The function @code{gpgme_ctx_get_engine_info} returns a linked list of
engine info structures.  Each info structure describes the
configuration of one configured backend, as used by the context
@var{ctx}.

The result is valid until the next invocation of
@code{gpgme_ctx_set_engine_info} for this particular context.
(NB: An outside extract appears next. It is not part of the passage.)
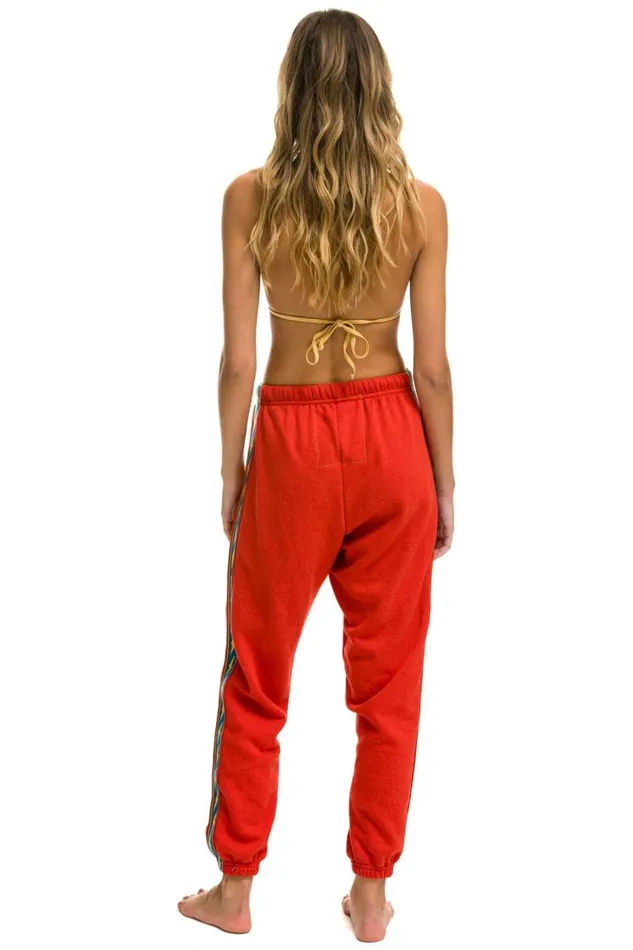 Women Bottoms Aviator Nation BOLT STRIPE SWEATPANTS 8211 RED Women Bottoms Aviator Nation BOLT STRIPE SWEATPANTS 8211 RED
This function can not fail.
@end deftypefun

@deftypefun gpgme_error_t gpgme_ctx_set_engine_info (@w{gpgme_ctx_t @var{ctx}}, @w{gpgme_protocol_t @var{proto}}, @w{const char *@var{file_name}}, @w{const char *@var{home_dir}})
The function @code{gpgme_ctx_set_engine_info} changes the
configuration of the crypto engine implementing the protocol
@var{proto} for the context @var{ctx}.

@var{file_name} is the file name of the executable program
implementing this protocol, and @var{home_dir} is the directory name
of the configuration directory for this crypto engine.  If
@var{home_dir} is @code{NULL}, the engine's default will be used.

Currently this function must be used before starting the first crypto
operation.  It is unspecified if and when the changes will take effect
if the function is called after starting the first operation on the
context @var{ctx}.

This function returns the error code @code{GPG_ERR_NO_ERROR} if
successful, or an eror code on failure.
@end deftypefun


@c FIXME: Unfortunately, using @acronym here breaks texi2dvi.
@node ASCII Armor
@subsection @acronym{ASCII} Armor
@cindex context, armor mode
@cindex @acronym{ASCII} armor
@cindex armor mode

@deftypefun void gpgme_set_armor (@w{gpgme_ctx_t @var{ctx}}, @w{int @var{yes}})
The function @code{gpgme_set_armor} specifies if the output should be
@acronym{ASCII} armored.  By default, output is not @acronym{ASCII}
armored.

@acronym{ASCII} armored output is disabled if @var{yes} is zero, and
enabled otherwise.
@end deftypefun

@deftypefun int gpgme_get_armor (@w{gpgme_ctx_t @var{ctx}})
The function @code{gpgme_get_armor} returns 1 if the output is
@acronym{ASCII} armored, and @code{0} if it is not, or if @var{ctx} is
not a valid pointer.
@end deftypefun


@node Text Mode
@subsection Text Mode
@cindex context, text mode
@cindex text mode
@cindex canonical text mode

@deftypefun void gpgme_set_textmode (@w{gpgme_ctx_t @var{ctx}}, @w{int @var{yes}})
The function @code{gpgme_set_textmode} specifies if canonical text mode
should be used.  By default, text mode is not used.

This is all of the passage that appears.